A pair of massive debris clouds shot out in space on Tuesday night after two big communications satellites collided in the first-ever crash of two intact spacecraft in orbit.
NASA said it will take weeks to determine the full magnitude of the crash, which occurred nearly 800 kilometres over Siberia on Tuesday.
"We knew this was going to happen eventually," said Mark Matney, an orbital debris scientist at Johnson Space Center in Houston.
The collision was between an Iridium commercial satellite launched in 1997 and a Russian satellite launched in 1993 and believed to be nonfunctioning. The Russian satellite was out of control, Matney said.
The Iridium craft weighed 560 kilograms and the Russian craft nearly a tonne.
Iridium Holdings LLC has a system of 65 active satellites that relay calls from portable phones that are about twice the size of a regular mobile phone. It has more than 300,000 subscribers.
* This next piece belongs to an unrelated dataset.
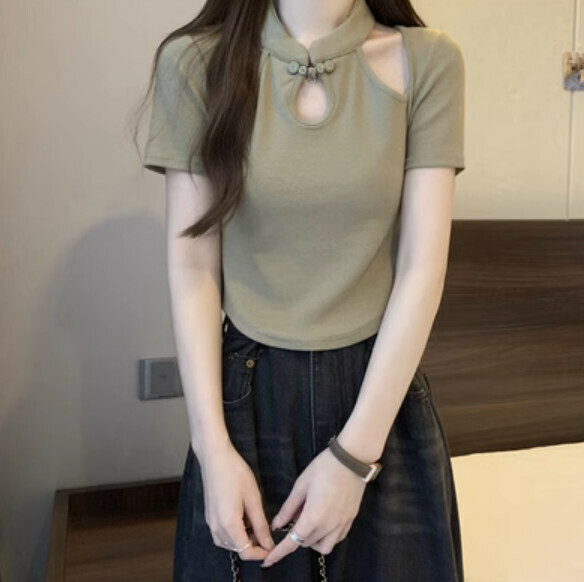 Summer Chinese Modified Cheongsam National Style T (Green) [Size: S-L] [Contact Customer Service to Confirm Shipping Size after Placing an Order]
The U.S. Department of Defence is one of its largest customers.
The company said the loss of the satellite was causing brief, occasional outages in its service and that it expected to have the problem fixed by Friday.
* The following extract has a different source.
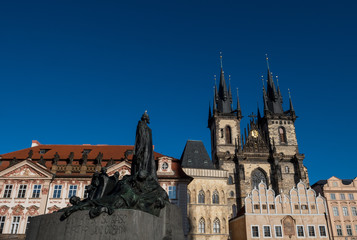 Fototapeta na wymiar Old Town Square With The Church of Our Lady before Týn In Prague In The Czech Republic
Iridium also said it expects to replace the lost satellite with one of its eight in-orbit spares within 30 days.
No one has any idea yet how many pieces of debris were created by the collision or how big they might be, Matney said.
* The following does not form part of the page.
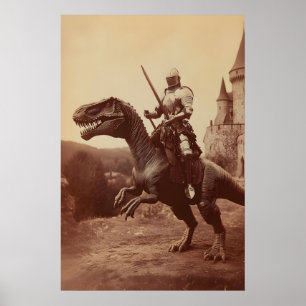 Dinosaurus Ridder Kunstprint Gotische Jurassische  Poster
"Right now, they're definitely counting dozens," Matney said. "I would suspect that they'll be counting hundreds when the counting is done."
With pieces the size of micrometres, the count will likely be in the thousands, he added.
Space shuttle shouldn't be in danger: NASA
NASA believes any risk to the International Space Station and the three astronauts aboard is low. The space station orbits about 430 kilometres below the collision course.
There also should be no danger to the space shuttle set to launch with seven astronauts on Feb. 22, officials said, but that will be re-evaluated in the coming days.
Nicholas Johnson, an orbital debris expert at the Houston space centre, said the risk of damage from Tuesday's collision is greater for the Hubble Space Telescope and Earth-observing satellites, which are in higher orbit and nearer the debris field.
There have been four other cases in which space objects have collided accidentally in orbit, NASA said, but those were considered minor and involved parts of spent rockets or small satellites.
Roughly 17,000 pieces of manmade debris are orbiting Earth, Johnson said.
The items — which are only counted and watched if they are at least 10 centimetres — are monitored by the U.S. Space Surveillance Network, which spotted the debris clouds on Tuesday.